PROBLEM TO WORK ON
Below are the records; copy out every line that holds the word "Yellow".

━━━━━ DATASET RECORDS ━━━━━

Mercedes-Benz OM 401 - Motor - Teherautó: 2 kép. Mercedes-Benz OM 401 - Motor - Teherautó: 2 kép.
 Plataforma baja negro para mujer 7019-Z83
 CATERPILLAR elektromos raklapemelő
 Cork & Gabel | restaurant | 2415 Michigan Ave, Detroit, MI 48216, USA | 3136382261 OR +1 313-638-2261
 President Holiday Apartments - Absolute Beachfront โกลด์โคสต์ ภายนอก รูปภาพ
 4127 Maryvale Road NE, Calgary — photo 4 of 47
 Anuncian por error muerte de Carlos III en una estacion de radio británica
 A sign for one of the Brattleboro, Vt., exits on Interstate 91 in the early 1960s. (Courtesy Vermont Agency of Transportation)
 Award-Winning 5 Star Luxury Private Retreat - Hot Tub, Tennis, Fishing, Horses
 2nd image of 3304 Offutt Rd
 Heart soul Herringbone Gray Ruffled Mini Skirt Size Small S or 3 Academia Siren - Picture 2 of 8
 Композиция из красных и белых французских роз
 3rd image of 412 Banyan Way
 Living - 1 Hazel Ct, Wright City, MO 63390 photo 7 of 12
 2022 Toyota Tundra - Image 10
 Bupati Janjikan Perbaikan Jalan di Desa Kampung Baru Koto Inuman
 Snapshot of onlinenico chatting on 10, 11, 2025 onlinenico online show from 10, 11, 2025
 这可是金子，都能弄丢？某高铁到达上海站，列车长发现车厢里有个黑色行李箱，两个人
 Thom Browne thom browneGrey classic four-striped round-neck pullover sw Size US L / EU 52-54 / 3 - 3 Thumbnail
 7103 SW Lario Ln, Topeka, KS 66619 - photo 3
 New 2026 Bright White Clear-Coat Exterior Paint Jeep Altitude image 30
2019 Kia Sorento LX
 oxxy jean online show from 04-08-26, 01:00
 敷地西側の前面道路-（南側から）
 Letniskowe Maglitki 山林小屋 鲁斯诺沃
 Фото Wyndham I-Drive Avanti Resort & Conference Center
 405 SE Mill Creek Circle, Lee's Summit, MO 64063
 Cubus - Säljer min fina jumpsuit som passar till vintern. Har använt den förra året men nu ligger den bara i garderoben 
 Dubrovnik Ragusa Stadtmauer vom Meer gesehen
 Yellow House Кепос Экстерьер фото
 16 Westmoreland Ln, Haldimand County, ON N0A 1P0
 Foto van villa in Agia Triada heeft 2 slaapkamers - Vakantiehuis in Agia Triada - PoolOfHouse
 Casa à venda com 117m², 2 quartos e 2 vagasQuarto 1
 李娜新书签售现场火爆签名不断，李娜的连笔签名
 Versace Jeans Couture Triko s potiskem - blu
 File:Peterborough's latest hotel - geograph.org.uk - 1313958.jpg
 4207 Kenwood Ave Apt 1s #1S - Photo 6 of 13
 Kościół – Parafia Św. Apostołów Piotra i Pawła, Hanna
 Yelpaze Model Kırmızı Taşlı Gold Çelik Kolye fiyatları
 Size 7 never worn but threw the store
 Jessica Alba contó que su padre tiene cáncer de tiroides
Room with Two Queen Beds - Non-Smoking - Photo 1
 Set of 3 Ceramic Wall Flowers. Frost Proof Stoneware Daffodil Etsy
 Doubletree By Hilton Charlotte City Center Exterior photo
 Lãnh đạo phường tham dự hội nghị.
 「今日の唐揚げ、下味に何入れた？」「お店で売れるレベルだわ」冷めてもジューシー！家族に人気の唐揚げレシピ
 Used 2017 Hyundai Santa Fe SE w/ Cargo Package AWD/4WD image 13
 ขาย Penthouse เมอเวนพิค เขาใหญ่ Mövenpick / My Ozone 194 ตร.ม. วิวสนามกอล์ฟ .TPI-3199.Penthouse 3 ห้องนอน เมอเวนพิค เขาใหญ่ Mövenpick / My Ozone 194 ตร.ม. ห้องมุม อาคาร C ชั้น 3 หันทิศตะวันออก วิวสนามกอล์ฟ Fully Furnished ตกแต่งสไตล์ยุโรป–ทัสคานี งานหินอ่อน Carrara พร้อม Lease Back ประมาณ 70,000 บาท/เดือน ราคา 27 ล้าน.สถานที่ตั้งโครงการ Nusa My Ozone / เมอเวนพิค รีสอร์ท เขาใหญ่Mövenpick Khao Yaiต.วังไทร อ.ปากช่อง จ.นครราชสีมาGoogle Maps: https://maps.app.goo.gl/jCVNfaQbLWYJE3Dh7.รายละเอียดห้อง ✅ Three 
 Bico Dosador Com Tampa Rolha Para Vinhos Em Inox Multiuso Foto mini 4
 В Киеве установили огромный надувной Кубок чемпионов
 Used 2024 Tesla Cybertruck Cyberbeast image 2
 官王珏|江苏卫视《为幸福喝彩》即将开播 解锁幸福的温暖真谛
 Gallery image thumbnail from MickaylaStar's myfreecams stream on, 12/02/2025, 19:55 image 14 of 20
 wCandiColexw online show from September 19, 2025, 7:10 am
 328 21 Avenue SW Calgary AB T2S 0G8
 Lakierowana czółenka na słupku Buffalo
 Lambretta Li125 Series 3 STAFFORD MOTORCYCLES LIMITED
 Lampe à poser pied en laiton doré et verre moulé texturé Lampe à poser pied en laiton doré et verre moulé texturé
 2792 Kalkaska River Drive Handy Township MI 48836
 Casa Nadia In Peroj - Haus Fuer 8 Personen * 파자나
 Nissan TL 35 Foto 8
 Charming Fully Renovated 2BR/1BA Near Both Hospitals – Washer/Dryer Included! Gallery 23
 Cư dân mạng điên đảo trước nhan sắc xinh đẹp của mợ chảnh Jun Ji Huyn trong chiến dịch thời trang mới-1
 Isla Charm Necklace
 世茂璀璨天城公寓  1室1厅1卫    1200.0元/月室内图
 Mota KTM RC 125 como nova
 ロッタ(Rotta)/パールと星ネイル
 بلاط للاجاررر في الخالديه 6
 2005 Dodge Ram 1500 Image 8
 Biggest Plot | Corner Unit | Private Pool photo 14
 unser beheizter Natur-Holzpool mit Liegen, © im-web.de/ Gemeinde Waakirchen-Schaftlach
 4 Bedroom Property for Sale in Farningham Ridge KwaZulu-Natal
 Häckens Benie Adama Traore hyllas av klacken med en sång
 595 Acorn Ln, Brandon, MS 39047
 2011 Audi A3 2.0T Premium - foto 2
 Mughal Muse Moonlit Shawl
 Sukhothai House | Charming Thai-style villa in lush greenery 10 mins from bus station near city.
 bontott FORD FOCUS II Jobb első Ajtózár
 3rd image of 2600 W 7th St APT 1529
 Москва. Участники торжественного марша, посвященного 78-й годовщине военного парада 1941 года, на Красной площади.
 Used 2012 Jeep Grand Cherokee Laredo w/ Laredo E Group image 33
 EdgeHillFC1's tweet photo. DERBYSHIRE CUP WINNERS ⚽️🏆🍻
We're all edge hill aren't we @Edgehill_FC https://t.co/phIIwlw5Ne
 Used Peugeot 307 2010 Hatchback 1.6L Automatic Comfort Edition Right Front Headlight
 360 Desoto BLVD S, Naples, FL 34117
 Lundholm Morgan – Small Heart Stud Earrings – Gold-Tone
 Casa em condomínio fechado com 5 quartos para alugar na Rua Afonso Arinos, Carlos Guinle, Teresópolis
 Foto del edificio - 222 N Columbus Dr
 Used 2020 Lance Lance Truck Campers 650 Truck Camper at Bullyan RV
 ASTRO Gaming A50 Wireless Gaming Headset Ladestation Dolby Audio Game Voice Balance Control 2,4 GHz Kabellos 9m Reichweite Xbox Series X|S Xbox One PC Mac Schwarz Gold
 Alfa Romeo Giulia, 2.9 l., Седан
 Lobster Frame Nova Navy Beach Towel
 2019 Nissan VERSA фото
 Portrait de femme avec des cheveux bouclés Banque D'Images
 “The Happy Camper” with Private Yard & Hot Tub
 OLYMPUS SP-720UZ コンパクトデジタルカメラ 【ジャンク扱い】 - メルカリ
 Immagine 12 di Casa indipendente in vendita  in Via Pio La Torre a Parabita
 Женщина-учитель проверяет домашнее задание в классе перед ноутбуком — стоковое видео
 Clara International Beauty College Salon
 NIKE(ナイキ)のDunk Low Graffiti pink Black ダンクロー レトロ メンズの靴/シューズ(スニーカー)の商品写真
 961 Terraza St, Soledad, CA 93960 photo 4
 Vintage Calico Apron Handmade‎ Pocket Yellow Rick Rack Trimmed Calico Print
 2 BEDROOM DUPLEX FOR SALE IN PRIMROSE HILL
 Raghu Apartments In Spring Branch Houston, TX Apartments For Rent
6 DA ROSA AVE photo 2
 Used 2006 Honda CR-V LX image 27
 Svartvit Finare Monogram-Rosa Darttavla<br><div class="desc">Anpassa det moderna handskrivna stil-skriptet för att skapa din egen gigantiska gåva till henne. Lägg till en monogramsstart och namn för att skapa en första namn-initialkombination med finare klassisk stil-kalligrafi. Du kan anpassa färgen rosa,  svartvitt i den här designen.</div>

━━━━━

TASK SOLUTION
 Yellow House Кепос Экстерьер фото
 Vintage Calico Apron Handmade‎ Pocket Yellow Rick Rack Trimmed Calico Print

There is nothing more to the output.